In the entries that follow, the lines from the one with "Eppadi Irukkum 2025" through the one with "Paperback February is" are the ones to write out, exactly and with both ends included. Nothing else should appear.
*** DATA RECORDS Section Begins ***
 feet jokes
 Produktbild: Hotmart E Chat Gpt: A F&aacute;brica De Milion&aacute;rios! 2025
*** DATA RECORDS Section Ends ***
*** DATA RECORDS Section Begins ***
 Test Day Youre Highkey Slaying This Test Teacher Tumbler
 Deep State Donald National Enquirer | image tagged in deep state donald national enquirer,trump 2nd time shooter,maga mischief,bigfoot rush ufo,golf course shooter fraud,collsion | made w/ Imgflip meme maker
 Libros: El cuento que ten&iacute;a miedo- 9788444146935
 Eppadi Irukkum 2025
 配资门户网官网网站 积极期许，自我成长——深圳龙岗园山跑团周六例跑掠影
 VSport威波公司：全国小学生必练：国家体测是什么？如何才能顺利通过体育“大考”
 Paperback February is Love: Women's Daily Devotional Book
*** DATA RECORDS Section Ends ***
◆ ANSWER TO THE EXERCISE
 Eppadi Irukkum 2025
 配资门户网官网网站 积极期许，自我成长——深圳龙岗园山跑团周六例跑掠影
 VSport威波公司：全国小学生必练：国家体测是什么？如何才能顺利通过体育“大考”
 Paperback February is Love: Women's Daily Devotional Book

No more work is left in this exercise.